Downsides: Delays, Disputes, and Opportunity Costs

Earn-outs are famously fertile ground for post-closing disputes. Buyers might fold the acquired firm into a larger unit, shift expenses, or change sales strategies, any of which can dent short-term earnings and jeopardize an earn-out payment. Even with the best intentions, economic swings or supply-chain shocks can make reasonable targets suddenly unreachable.

Meanwhile, sellers effectively finance part of the deal interest-free and live with years of uncertainty about when—or whether—they’ll see the rest of their money.

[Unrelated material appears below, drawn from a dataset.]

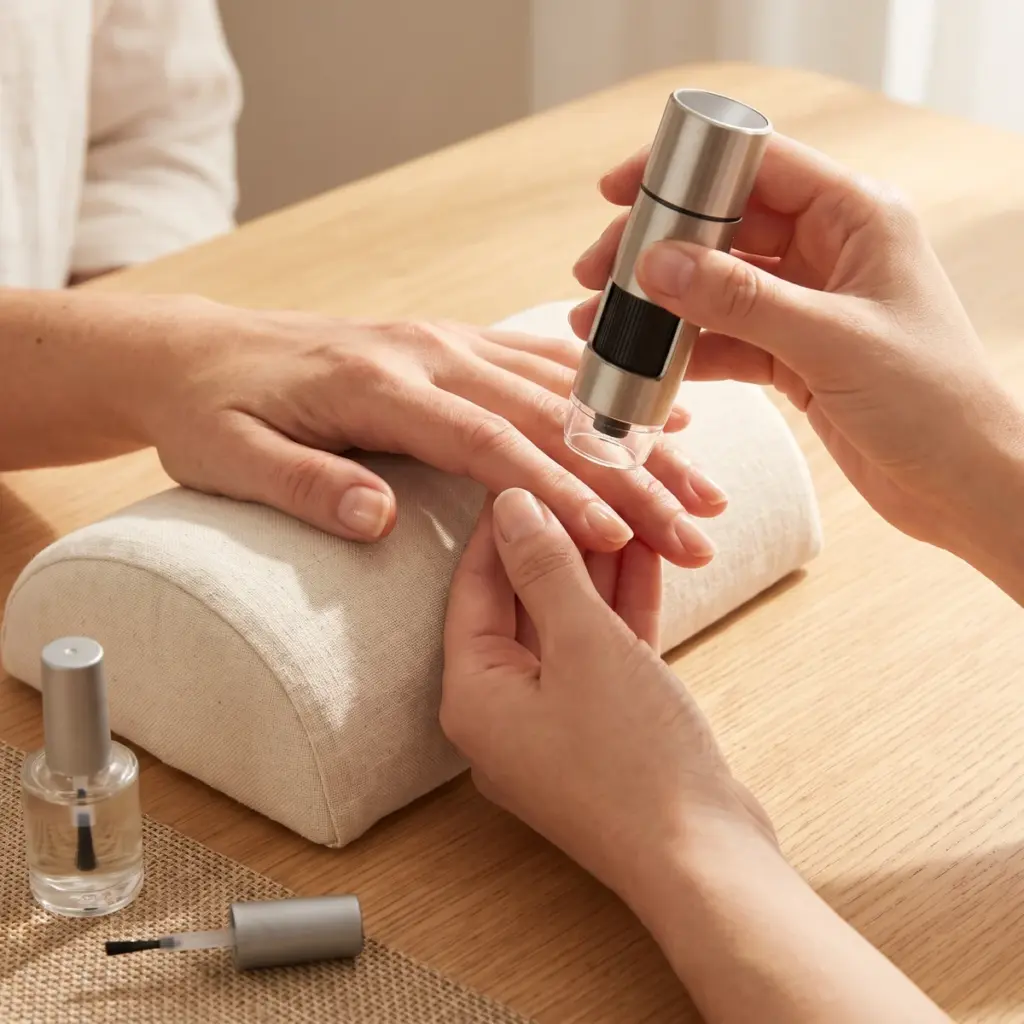 Editorial illustration of a handheld microscope being positioned above a supported fingernail.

Legal fees, strained relationships, and distracted management teams are common by-products when actual results start diverging from rosy projections.

Making Earn-Outs Work: Practical Safeguards

If you decide that an earn-out is the right route for selling your business, build guardrails early. First, choose performance metrics that are as tamper-proof as possible—top-line revenue is often simpler than profit, which can be massaged with accounting moves. Second, outline in writing who controls budgeting, hiring, and major strategic pivots during the earn-out period, and consider carve-outs that adjust targets if market-wide shocks strike.

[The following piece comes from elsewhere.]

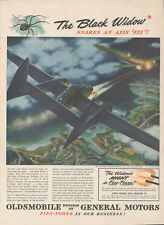 1944 Oldsmobile Black Widow Snares An Axls Fly WW2 P-61 Fighter Plane Print Ad picture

Third, negotiate dispute-resolution mechanisms upfront, such as appointing a neutral accountant whose judgment is binding. Finally, cap the earn-out period: three years is common, five is pushing it, and anything longer can turn a straightforward exit into an endless engagement.

Conclusion

Earn-outs can be a creative way to unlock deals that would otherwise stall, rewarding both sides if the business thrives after the handover. Yet they also introduce complexity, prolong risk, and create fertile ground for conflict. Sellers must weigh the lure of a higher overall price against the certainty and freedom that come with an all-cash exit, while buyers should assess whether the future performance they’re banking on is truly within reach.

With clear metrics, solid legal drafting, and realistic expectations, an earn-out can turn mutual doubt into mutual gain—but only if both parties remain partners long enough to see the final payment cross the finish line.